CATANIA – Una convergenza d’idee e d’intenti, quella emersa durante la Festa dell’Architetto 2023, celebrata ieri pomeriggio (25 giugno) alle Ciminiere di Catania, in occasione del centenario dalla nascita dell’Albo professionale.
Vicinanza, affinità, confluenza di vedute – tra professionisti e Amministrazione comunale, rappresentata dal vicesindaco e assessore Urbanistica e Mobilità di Catania Paolo La Greca, alla sua prima uscita pubblica – per trasformare «i sogni in segni tangibili, cercando di risollevare questa città dall’immobilismo in cui spesso affondano anche entusiasmo e speranze», ha commentato in apertura il presidente dell’Ordine APPC di Catania Sebastian Carlo Greco.

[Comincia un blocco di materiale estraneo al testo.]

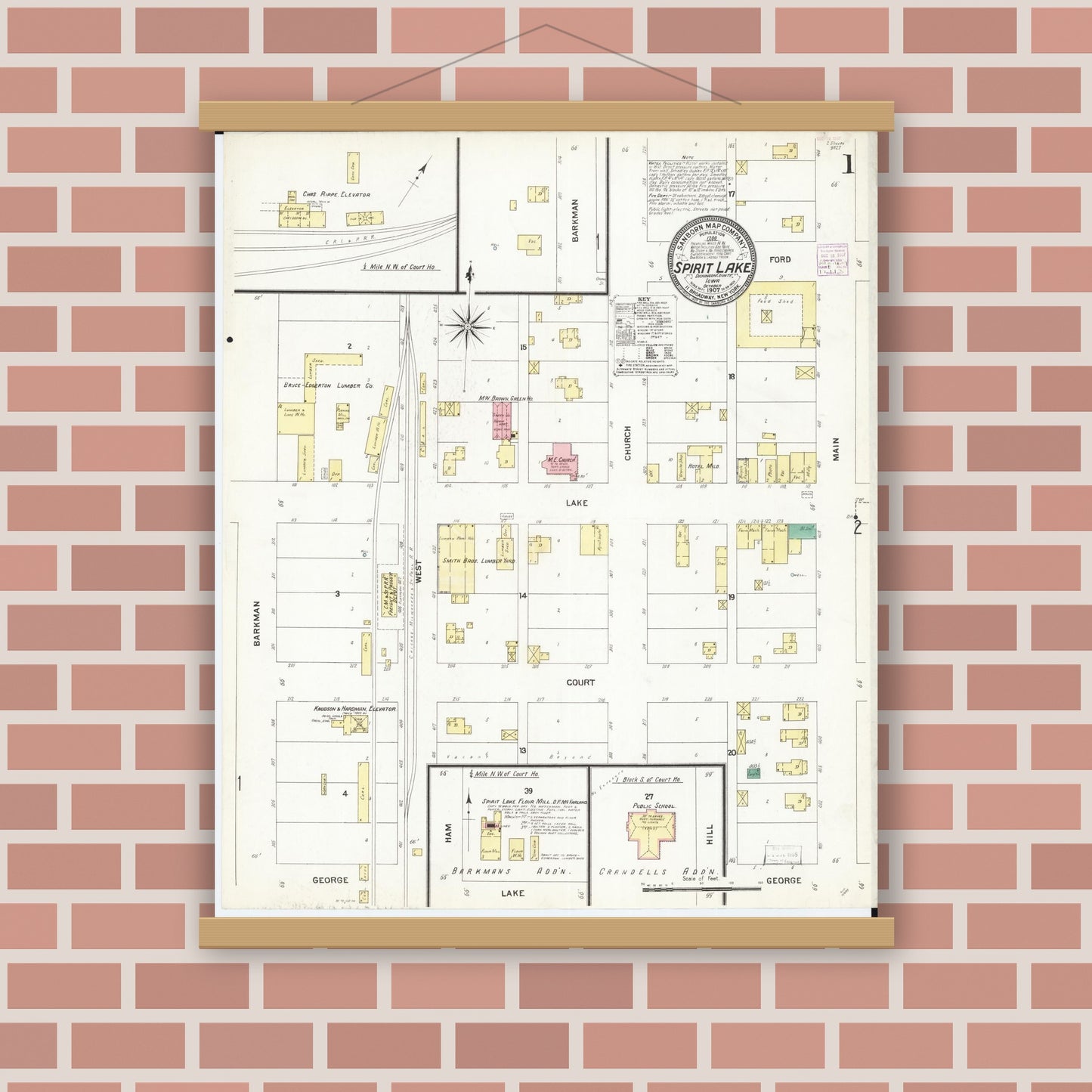 Old map wall art mockup — magnetic wood frame on brick wall — Sanborn Fire Insurance Map from Spirit Lake, Dickinson County, Iowa (1907), Sheet #0001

Dal PUG – «che entro il 2024 sarà realtà» – alla creazione dell’Urban Center (promosso e spinto dall’Ordine in più occasioni); dalla valorizzazione dei “margini urbani” ai Concorsi di progettazione, passando per lo sforzo diretto a ridurre quello scollamento tra politica e cittadini, attraverso il coinvolgimento dell’associazionismo attivo, ieri rappresentato da Daniele Cavallaro di Gammazita e Alice Palazzo di Trame di Quartiere.

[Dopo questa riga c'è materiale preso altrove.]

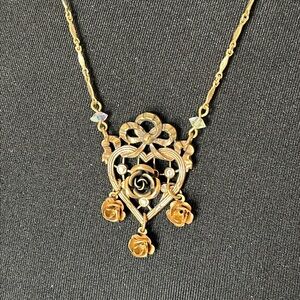 Vintage Pididdly Link Heart Rose Necklace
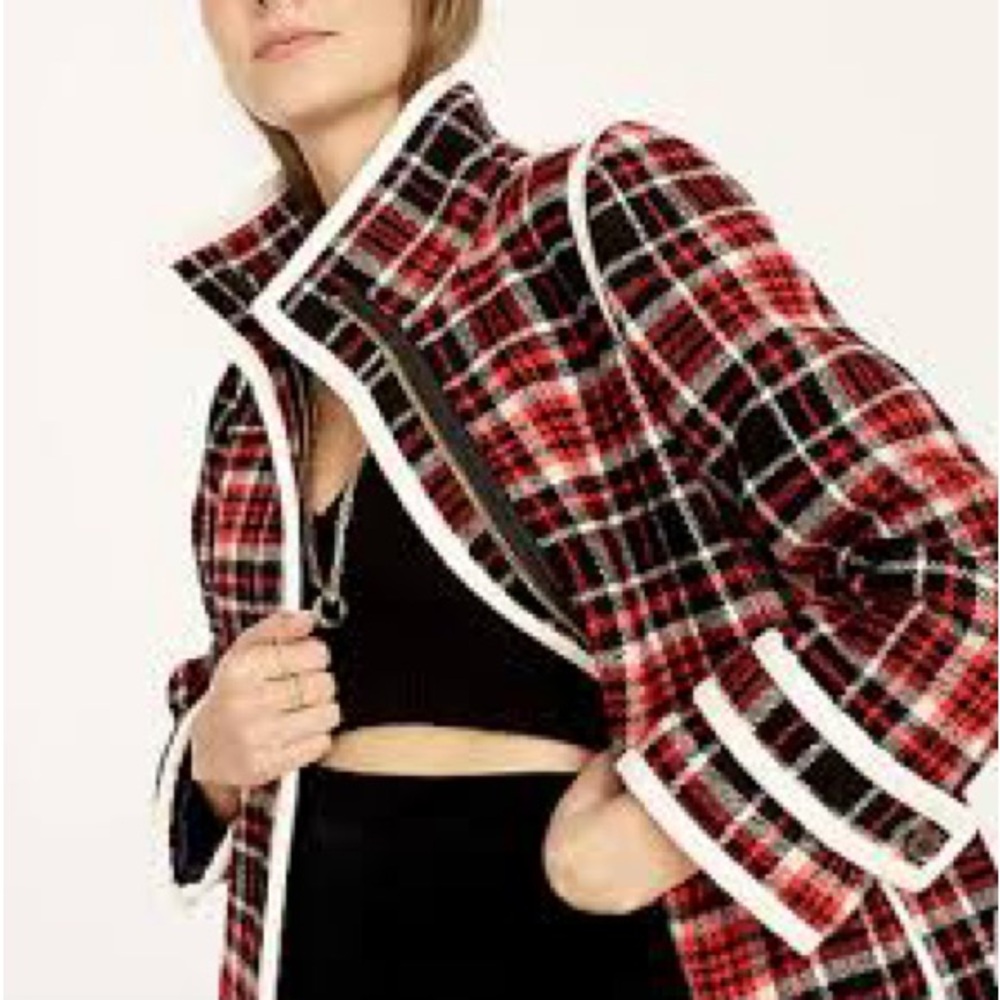 BRAND NEW JCrew Collection car coat in winter plaid Italian stadium-cloth wool. - Picture 3 of 16
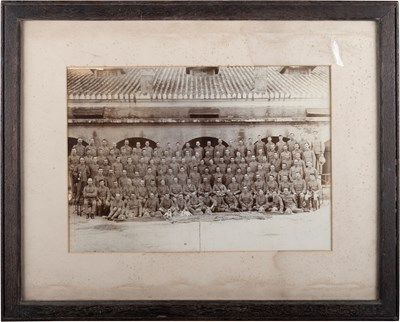 Lot 80 - MILITARY INTEREST: A GROUP PHOTOGRAPH OF SOLDIERS IN INDIA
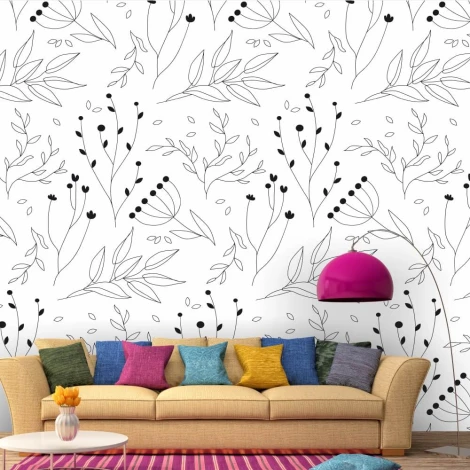 Branch and leaf wallpaper 0113 - Living room setup with light-colored walls and a sofa with colorful cushions.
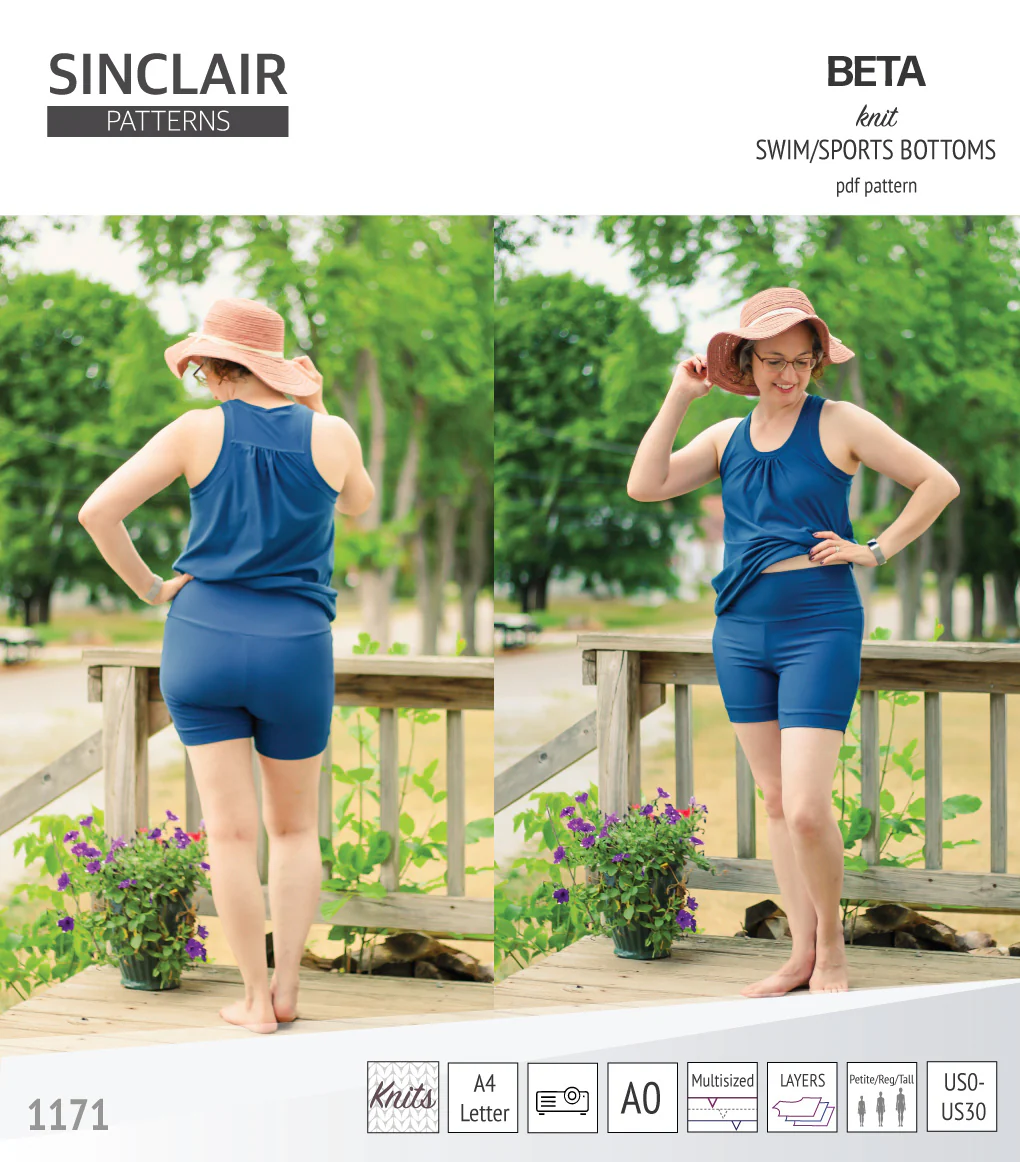 Beta swim/sports bottoms with a lace up accent option (PDF) - Image 14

Le premesse ci sono tutte per avviare un percorso virtuoso di rinascita. «E le promesse stanno a zero: adesso tutti vogliono i fatti – ha continuato Greco – questo evento è occasione per manifestare ancora una volta la volontà di essere parte identitaria della città: un confronto per ragionare su quale sia la il nostro ruolo e quali rapporti si possono sviluppare con le istituzioni, analizzando le rispettive competenze, con una particolare attenzione ai temi della ricerca e della cultura».
Con la firma della legge 1395 del 1923 la professione di architetto fu regolamentata, riconoscendone la pubblica utilità e il valore sociale. L’iniziale realtà ordinistica, che interpretava gli antichi principi dei movimenti corporativi artigiani, monastici e cavallereschi, è arrivata oggi a essere una struttura complessa, sia nel suo pubblico riconoscimento, sia di supporto e tutela della società.
«Un’evoluzione – ha commentato la presidente della Fondazione Architetti Eleonora Bonanno – che deve interpretare i veloci cambiamenti del contesto di riferimento. Un percorso articolato, che deve farci misurare costantemente con le criticità, con i vuoti da colmare. È per questo che abbiamo scelto come tema fondante quello delle “periferie”, quello delle città invisibili, “fatte delle relazioni tra la misura del loro spazio e gli avvenimenti del loro passato; città che assumono la forma dai deserti a cui si oppongono; assumono i margini come dato esistenziale più che come limite, e giocano a produrne e riprodurne”, per riprendere le parole di Italo Calvino. Un tema che ci sta a cuore, su cui ruotiamo con molteplici iniziative. In questo momento Librino è alla Biennale di Venezia con ”La Casa Tappeto” – grazie al progetto del collettivo Fosbury Architecture – l’obiettivo è ampliare i confini di queste zone che spesso implodono nella loro ridondanza».
Dalla testimonianza di Sabina Zappalà, introdotta dal segretario Giuseppe Messina – che ha percorso in lungo e in largo Librino, dalle sue origini a oggi – all’intervento di Rossella D’Angelo sui concorsi di progettazione delle periferie, a una vera e propria “Agorà” – moderata dal giornalista Leandro Perrotta – che ha messo al centro quei quartieri che danno forma ai desideri, sospesi sull’orlo di un precipizio, che vanno vissuti, attraversati, scoperti attraverso occhi, nomi, cuori di chi li abita e li vive. Un momento di confronto a cui hanno partecipato anche il direttore Urbanistica di Catania Biagio Bisignani, la presidente di Inarch Sicilia Mariagrazia Leonardi, il prof. del Dicar Maurizio Spina, il presidente dei Geometri Agatino Spoto.
L’evento si è concluso con il concerto di Mario Venuti, offerto alla città nel segno della condivisione.